One of the most popular methods for determining how an independent variable relates to a dependent variable is linear regression. Whether you’re examining scientific patterns, forecasting stock prices, or evaluating sales data, Excel has built in tools to easily perform linear regression. In this tutorial, you will learn about linear regression and how to do linear regression in Excel using Add-ins, functions, and charts.
➤ Linear regression models the relationship between independent and dependent variables by fitting a straight line. ➤ Regression Graph: In this article, we’ll learn how to do linear regression in Excel with Data Analysis ToolPak, formulas, and charts.
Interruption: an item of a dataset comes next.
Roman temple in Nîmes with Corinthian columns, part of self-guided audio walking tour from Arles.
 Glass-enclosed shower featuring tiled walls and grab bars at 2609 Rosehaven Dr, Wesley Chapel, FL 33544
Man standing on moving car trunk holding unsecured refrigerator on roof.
Additionally, we’ll discuss and interpret the results of the linear regression analysis.
➤ Enable Data Analysis: File >> Options >> Excel Add-ins >> Data Analysis.
➤ Regression: Data tab >> Data Analysis >> Regression >> Input Y range >> Input X range >> Labels >> Output range >> OK.
➤ Formulas:
=INTERCEPT(known_ys,known_xs)
=SLOPE(known_ys,known_xs)
=CORREL(array1, array2)
=LINEST(known_ys, [knownn_xs])
What Is Simple Linear Regression?
Linear regression models the relationship between an independent variable (predictor) and a dependent variable (outcome) by fitting a line of best fit through the data.
Simply put, a linear regression model measures how far the actual data points are from the straight line. It uses the sum of squares approach to calculate these distances. The goal is to find the line that minimizes these distances; in other words, the line that best fits the data.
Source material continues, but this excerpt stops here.